One Athenaeum Street
Cambridge, MA                                                      02142
- ----------------------------------------                        ----------
(Address of Principal Executive Offices)                        (Zip Code)


                                (617) 494-1200
             ----------------------------------------------------
             (Registrant's Telephone Number, Including Area Code)

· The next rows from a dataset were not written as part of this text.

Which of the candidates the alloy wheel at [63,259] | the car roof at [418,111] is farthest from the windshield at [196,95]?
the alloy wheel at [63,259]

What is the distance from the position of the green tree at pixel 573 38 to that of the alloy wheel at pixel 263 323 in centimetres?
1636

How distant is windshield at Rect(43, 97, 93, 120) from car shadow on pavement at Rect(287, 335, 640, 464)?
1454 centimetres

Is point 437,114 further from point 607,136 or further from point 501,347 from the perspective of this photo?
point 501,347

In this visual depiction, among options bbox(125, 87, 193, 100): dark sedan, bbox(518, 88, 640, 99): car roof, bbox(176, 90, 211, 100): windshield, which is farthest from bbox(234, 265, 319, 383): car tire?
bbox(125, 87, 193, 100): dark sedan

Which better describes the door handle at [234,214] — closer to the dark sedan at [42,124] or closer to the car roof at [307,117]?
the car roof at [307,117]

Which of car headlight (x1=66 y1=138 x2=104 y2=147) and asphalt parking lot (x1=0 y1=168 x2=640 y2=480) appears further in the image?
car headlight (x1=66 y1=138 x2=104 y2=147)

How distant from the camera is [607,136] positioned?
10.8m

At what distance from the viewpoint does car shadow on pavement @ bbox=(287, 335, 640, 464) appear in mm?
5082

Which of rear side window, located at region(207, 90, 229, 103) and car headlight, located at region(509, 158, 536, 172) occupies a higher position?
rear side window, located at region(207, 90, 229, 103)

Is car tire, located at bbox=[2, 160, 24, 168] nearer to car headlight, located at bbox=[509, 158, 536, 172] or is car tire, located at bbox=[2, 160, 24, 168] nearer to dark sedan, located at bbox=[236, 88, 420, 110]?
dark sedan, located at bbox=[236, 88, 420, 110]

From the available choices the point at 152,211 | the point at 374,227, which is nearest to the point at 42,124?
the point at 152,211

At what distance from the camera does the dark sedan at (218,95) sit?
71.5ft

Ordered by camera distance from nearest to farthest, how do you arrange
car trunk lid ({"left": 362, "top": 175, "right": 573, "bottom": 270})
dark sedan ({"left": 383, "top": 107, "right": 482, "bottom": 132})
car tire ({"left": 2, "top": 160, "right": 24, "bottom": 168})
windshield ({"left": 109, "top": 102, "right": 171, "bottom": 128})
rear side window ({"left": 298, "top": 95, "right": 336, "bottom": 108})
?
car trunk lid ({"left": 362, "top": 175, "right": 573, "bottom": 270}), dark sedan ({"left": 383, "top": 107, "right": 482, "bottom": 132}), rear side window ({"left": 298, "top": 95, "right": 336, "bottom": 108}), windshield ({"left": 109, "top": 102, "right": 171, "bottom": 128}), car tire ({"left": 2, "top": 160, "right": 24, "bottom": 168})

                                Not Applicable
         -------------------------------------------------------------
         (Former Name or Former Address, if Changed Since Last Report)

 
Item 5 and Item 7 of the Current Report on Form 8-K, as originally filed on
September 10, 1998, and amended on November 4, 1998 and November 10, 1998, of
The Learning Company, Inc. ("TLC" or the "Company") are hereby amended and
restated in their entirety as follows:

Item 5.  Other Events

     On September 10, 1998, TLC filed with the Securities and Exchange
Commission, as part of a Current Report on Form 8-K, dated August 31, 1998,
certain financial statements relating to the acquisition of Broderbund Software,
Inc. ("Broderbund").  TLC filed Amendment No. 1 to Current Report on Form 8-K/A,
dated November 4, 1998, and Amendment No. 2 to Current Report on Form 8-K/A,
dated November 10, 1998, which included Supplemental Consolidated Financial
Statements of TLC and Unaudited Supplemental Consolidated Financial Information
of TLC to reflect the acquisition of Broderbund which has been accounted for
using the pooling-of-interests method of accounting.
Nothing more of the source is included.